The reason for my waffling (yes, this is where I bring everything together) is that a bunch of my chums from Intel attended this year’s MWC just a couple of weeks ago as I pen these words. I can’t tell you everything that Intel showed at the show, if you see what I mean, but the Intel Programmable Solutions Group (PSG) did post this summary highlighting their portion of the proceedings. Of particular interest for me was a whitepaper and two solutions briefs as follows:
- Build Efficient and Cost-Effective mMIMO Solutions with Intel Agilex 7 FPGAs: With respect to radio towers transmitting and receiving wireless signals, this little scamp provides an easy-to-understand introduction to the difference between omnidirectional transmission, MIMO beamforming, and today’s next-generation massive MIMO (mMIMO) technology.

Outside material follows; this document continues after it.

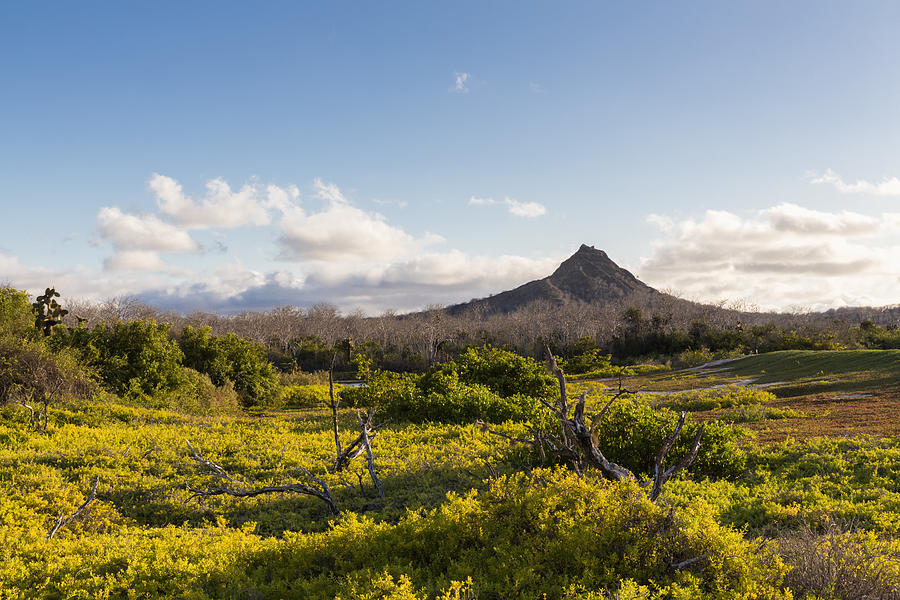 Ecuador, Galapagos Islands, Santa Cruz, view to volcano Photograph by Westend61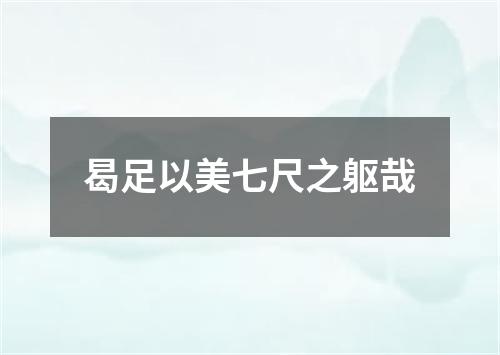 曷足以美七尺之躯哉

- Intel’s Accelerated Virtual Cell Site Router Solution on an Intel FPGA-Based SmartNIC N6000-PL Platform Helps Communication Service Providers (CoSPs) Increase Monetization of Their Services: Having read this little rascal, I now know the difference between a 4G radio access network (RAN) and a 5G RAN. I’ve also learned what a cell site router (CSR) is and what it does. I’ve also discovered that, as opposed to deploying a CSR as a dedicated box, it’s better to implement it as a virtual CSR (vCSR); also, that Intel has an accelerated vCSR solution in the form of a single Intel Agilex 7 FPGA-based SmartNIC—the Intel FPGA SmartNIC N6000-PL Platform—which can be plugged into an X86 server acting as a virtual distributed unit (vDU).

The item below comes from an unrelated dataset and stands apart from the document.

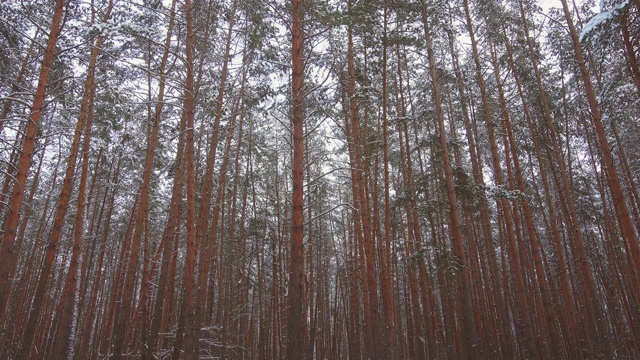 循环录像，冬天美丽的松林里下雪。视频素材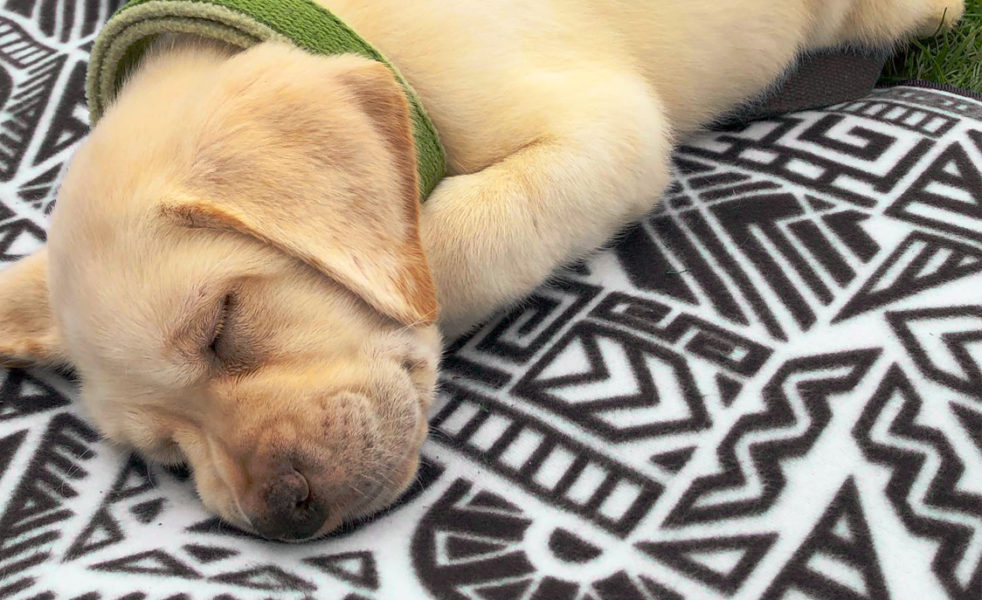 Perfect Puppy Plan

- Implementing Advanced Networking Solutions with F-Tiles in Intel Agilex 7 FPGAs: “Good Golly Miss Molly,” is all I can say after reading this little ragamuffin. Do you remember the XCVR chiplets we were discussing earlier in the form of E-Tiles, F-Tiles, P-Tiles, and R-Tiles? Well, this paper focuses on F-Tiles deployed in Agilex 7 FPGAs. In particular, it discusses F-Tiles for radio applications (e.g., JESD204 and Ethernet), F-Tiles for fronthaul applications (e.g., gateways, vCSRs), and F-Tiles for passive optical network (PON) applications (I now know what the acronyms OLT, ODN, and ONU stand for, and I have a much better appreciation for the “burstiness” of data as it appears at the OLT).
The more I think about it, the more I realize how lucky I’ve been in so many ways. When I wore a younger man’s clothes, for example, I attended live performances by some of the great artists of the time, like The Police, Supertramp, The Rolling Stones, 10cc, Elton John, Genesis, Led Zeppelin, and Crosby, Stills, and Nash, to name but a few. One act I regret not seeing live was Queen, but I just took a couple of minutes to watch this video of Barcelona, which is the title song of the collaborative album by Freddie Mercury and soprano Montserrat Caballé.
Now I want to visit Barcelona more than ever. I also want to attend MWC 2024. All I need is to find some company that wants to pay me to go. While I’m waiting for the offers to flood in, I’ll start cogitating and ruminating over the Hawaiian shirt wardrobe I’ll need for the trip. In the meantime, as always, I’ll be interested to hear your thoughts pertaining to anything you’ve read here (including tips for the best restaurants to visit and the “must-see” sights to see in Barcelona).